• Problem
A word-for-word copy of the data, with no images, is the required answer.
** Opening Supplied material block **
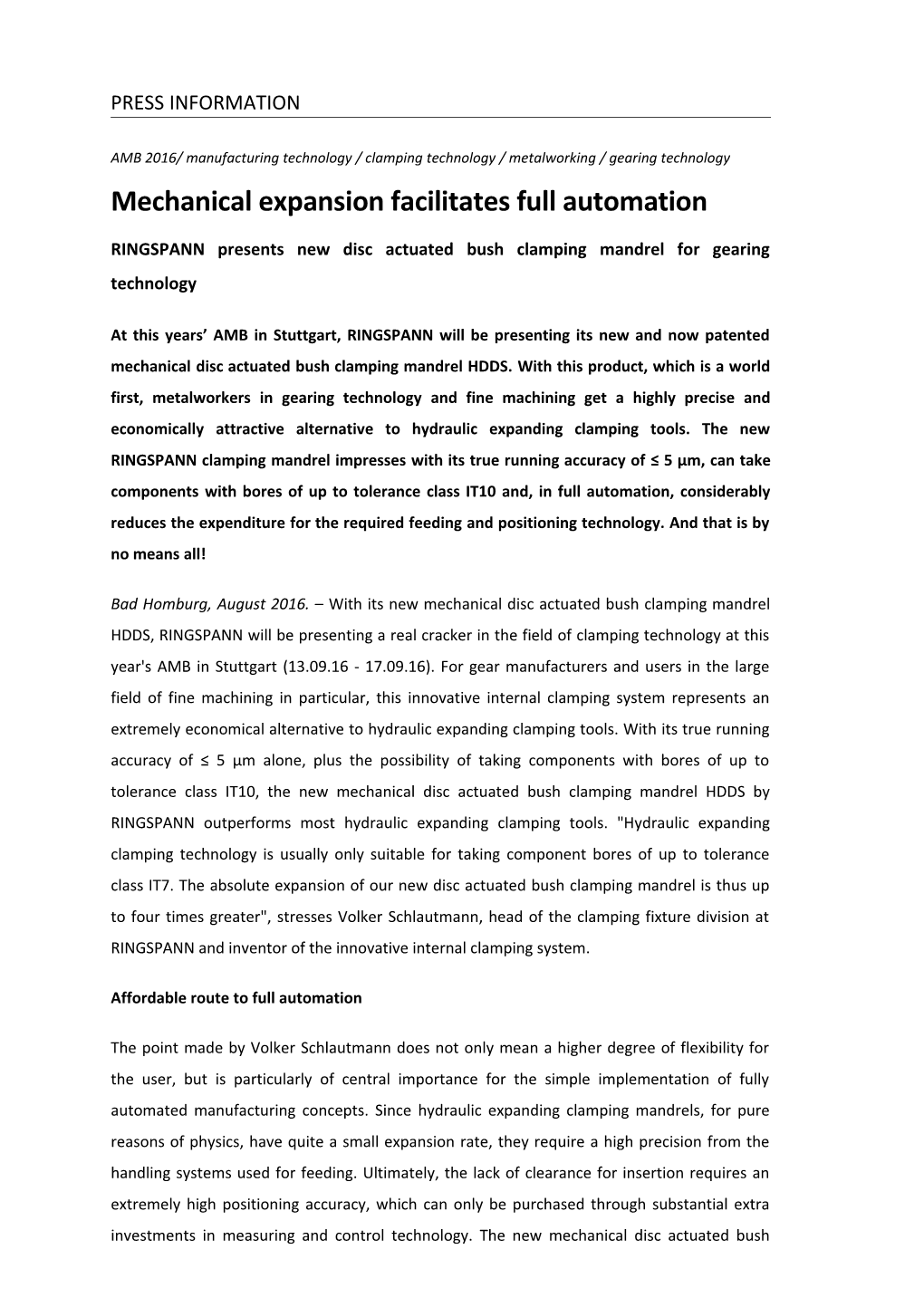 Mechanical Expansion Facilitates Full Automation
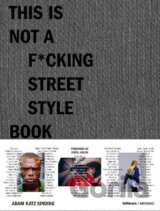 This is Not a F*cking Street Style Book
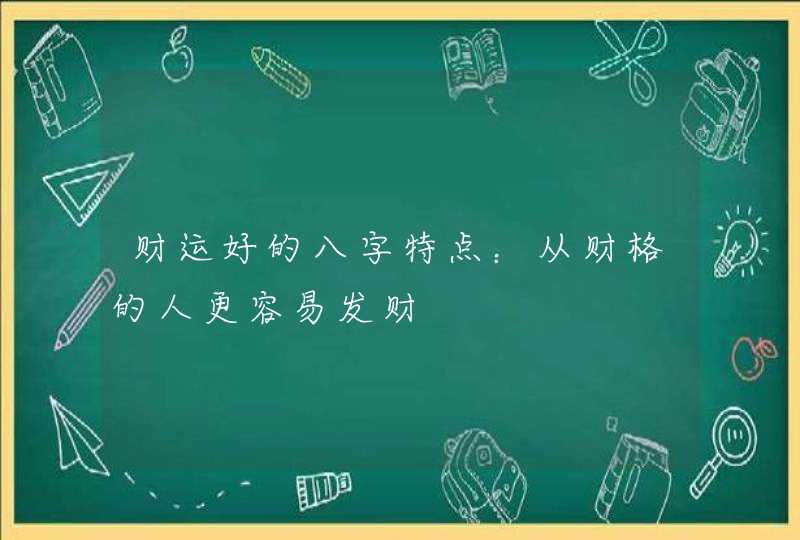 财运好的八字特点：从财格的人更容易发财,第1张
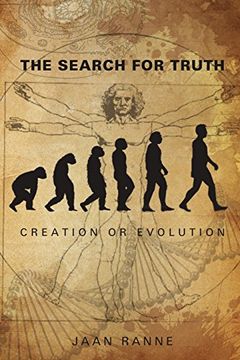 portada The Search for Truth: Creation or Evolution (en Inglés)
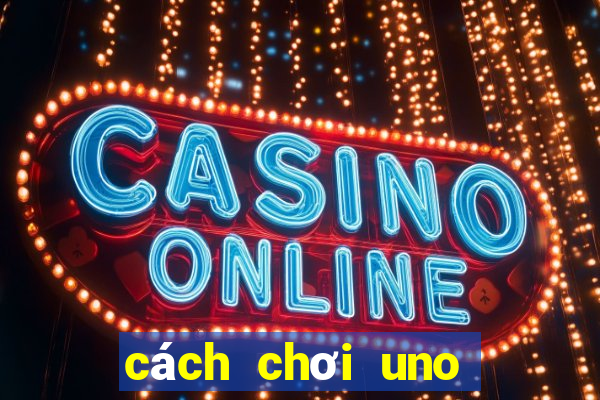 cách chơi uno bản mở rộng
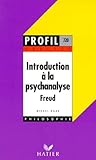 Profil Dune Oeuvre Analyse De Lintroduction La Psychanalyse Freud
** Closing Supplied material block **
• Exercise answer
 Mechanical Expansion Facilitates Full Automation
 This is Not a F*cking Street Style Book
 财运好的八字特点：从财格的人更容易发财,第1张
 portada The Search for Truth: Creation or Evolution (en Inglés)
 cách chơi uno bản mở rộng
 Profil Dune Oeuvre Analyse De Lintroduction La Psychanalyse Freud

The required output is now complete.